Trust is an underlying factor in any long term, smoothly operating system, and we learn to trust—or not to trust—from the people around us and the stories of our culture.  As President Barack Obama pointed out in his recent speech before Congress, we are running “a deficit of trust.”

There are few character traits that will undermine trust faster than greed.  Unfortunately, we have been running a surplus of that commodity.  Looking at the Ten Commandments, or the corresponding instructions for having a civil society outlined by most religions, we can see that breaking most of them involves greed.

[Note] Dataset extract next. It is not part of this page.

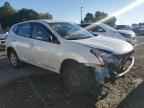 2014 NISSAN ROGUE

We are both horrified and fascinated by many of the financial stories currently grabbing the headlines.  They are the stuff of melodrama and satire, featuring greedy people with overblown self-esteem and miniscule consciences:
Bernie Madoff required references before he agreed to steal from people.
AIG received bailout money because it was “too big to fail,” and then executives invited a few hundred of their closest friends to a party in posh surroundings.
Allen Stanford arranged to be knighted by the governor of Antigua while setting up his fictional investment firm and now expects people to address him as Sir Allen.

The stories are fascinating, even if they are about essentially silly people who need constant adult supervision, but they can teach us, as Aesop did.

In the meantime, trust in our financial institutions has taken a beating.

Other stories about people who are committed to the common good and are contributing to finding  positive solutions to our worldwide predicament are not so titillating, but can burrow into our being and help us fill in our own outline for action.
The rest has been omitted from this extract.